It had been a petty incident, but the ill taste of it lingered with him, and took all pleasure from the getting to horse once more. Even the sight of Lois’s half-smiling face, and her droll efforts to spare her stockinged foot, could not restore him to his old contented mood. He led her in silence to where Bayard stood, and there she halted suddenly with eyes upon the horse. “Why, ’tis indeed the same,” she cried. “’Tis Peregrine’s steed they said you—”
“Stole?” Hugh asked sharply. “Ay, ’tis the same.”
Then he lifted her to her place, and without a word more set forward.
An hour later, in the full heat of the morning sun, they rode into a little hamlet, where the people stared at the Royalist red sashes, and shouted saucy comments on the strangers. Hugh made his way scowlingly to the village inn, and, helping Lois dismount, led her into the common room, where he called on the hostess to bring wine and white bread for the girl. “Are you going with these ruffians of your own will, sweetheart?” he heard the good woman whisper Lois.
He was turning away impatiently, when, just at the door, he ran upon the tapster. “Draw two mugs of ale for my man and me,” he ordered curtly.
“Will I, sir? Who’s to pay?” retorted the other. “An you pay, ’twill be the first of your color—”
“Will you talk?” Hugh cried, with an oath; and struck the fellow so he staggered. “Fetch what I bid now,” he swore. Then he turned to go back into the common room; and there Lois sat, not eating, but gazing at him with blank, dismayed face.

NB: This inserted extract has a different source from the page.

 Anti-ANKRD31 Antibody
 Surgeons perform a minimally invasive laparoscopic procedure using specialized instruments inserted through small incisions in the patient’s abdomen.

Without staying to drink his ale, Hugh went out and loitered at Bayard’s head, where he kicked up spiteful little spurts of dust and would not stroke the horse. When Lois hobbled out at last in a pair of over-large shoes, he helped her to mount; she did not speak, and he only looked sharply at her, but said nothing. As the roofs of the village sank behind the hill in their rear, however, he turned in the saddle and addressed her almost roughly, “So you are not pleased with me?”
“Sure, Hugh, I must be pleased; you have used me so kindly—”
“That’s a right woman’s trick to bungle at a plain ‘no,’” he said, with a curt laugh; then started, for tone and laugh sounded to him as an echo of Allestree, whom he had left drunk at Northrope. Putting spurs to Bayard, he pressed on at a reckless pace, so the dust rose thick and white, and turned his throat dry, and sifted in between his collar and his neck. He was hot and weary and wretchedly angry against all the world, especially against Lois Campion, why, he could not tell himself.